“The most beautiful relic of ancient Rome, a temple so well preserved that it appears as the Romans must have seen it in their times,” so described it the French writer Stendhal in the 19th century. A source of inspiration for the greatest architects of all ages, its beauty, the harmony of the lines and the perfect geometries have always struck people both in the past and the present.
The story of one of the best preserved examples of Roman monumental architecture begins in 27 BC, when Marcus Vipsanius Agrippa, a close friend, son-in-law, and lieutenant to Augustus, commissioned a temple in this area dedicated to “all the gods”. The present building is, however, the result of the radical reconstruction by Hadrian between 118 and 125 AD, who expanded it, reversing its orientation and opening a large square with a portico in front of the new temple.
Fallen into a state of neglect and subsequently sacked by barbarians, in 609 AD it was donated by the Byzantine emperor Phocas to Pope Boniface IV who consecrated it dedicating it to Santa Maria ad Martyres and thus preserving it from the spoliation that affected many other ancient monuments in medieval times. The Basilica houses the ancient Byzantine Icon of the Virgin and Child that Emperor Phocas donated to Pope St. Boniface IV in 609, on the occasion of the dedication of the ancient pagan temple to Christian worship.

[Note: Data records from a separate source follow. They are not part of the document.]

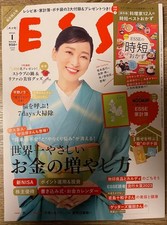 Moomin Household Budget Book &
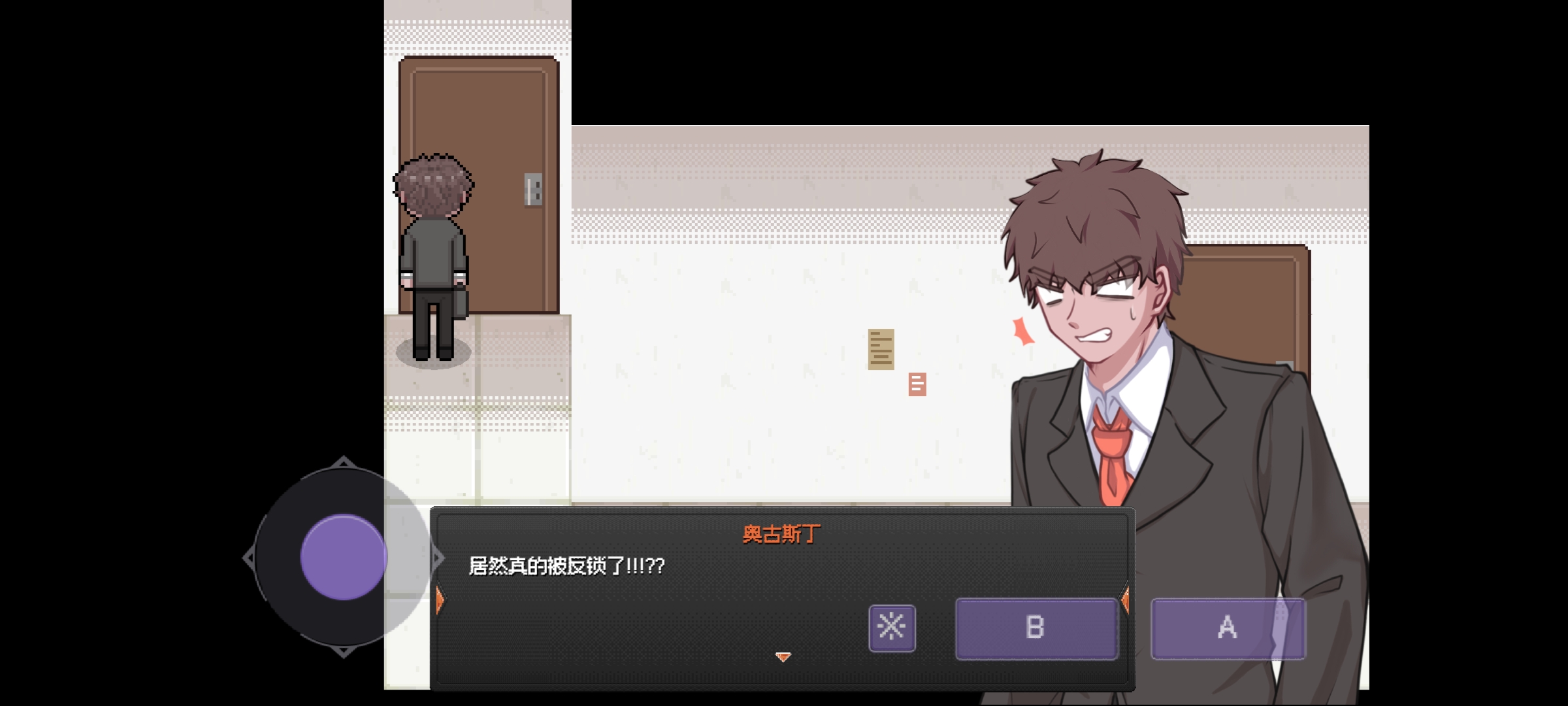 恶梦图4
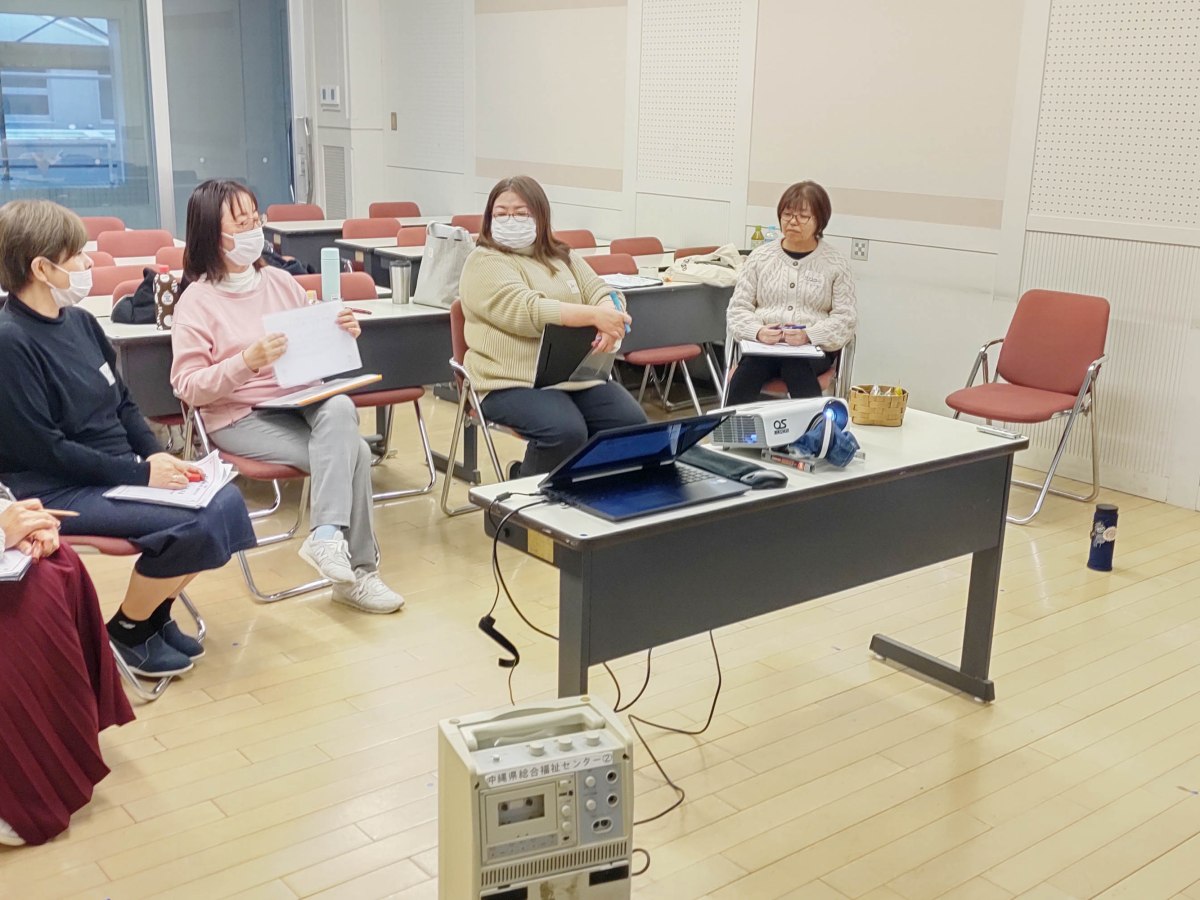 社内研修を実施しました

In 1625, under the pontificate of Urban VIII Barberini, it was deprived of the bronze coatings of the portico to create the canopy of San Pietro and several cannons for the Sant’Angelo Castle. Barberini’s name was thus forever linked to a popular saying: “Quod non fecerunt barbari, fecerunt Barberini”, that is what the barbarians didn’t do, the Barberinis did for them. In the same years, two bell towers were built on the sides of the front, which the Romans called scornfully “donkey’s ears” and which were removed with the unification of Italy. In 1870 the Pantheon was turned into a memorial chapel for the kings of Italy. The tombs of Vittorio Emanuele II, Umberto I and Margherita of Savoy are to be found here together with that of famous artists including Raphael.
The building consists of a cylindrical structure preceded by a portico with Corinthian columns supporting the pediment; the original inscription with the dedication to Agrippa is preserved on the frieze. The large circular cell is surrounded by thick masonry walls and by eight large pylons on which the weight of the characteristic hemispherical concrete dome is distributed, larger than that of St. Peter's Basilica. What is most surprising about the architecture of the Pantheon is its size: the height of the building is equal to the diameter of the dome, just over 43 meters, a feature that reflects the classic canons of Roman architecture.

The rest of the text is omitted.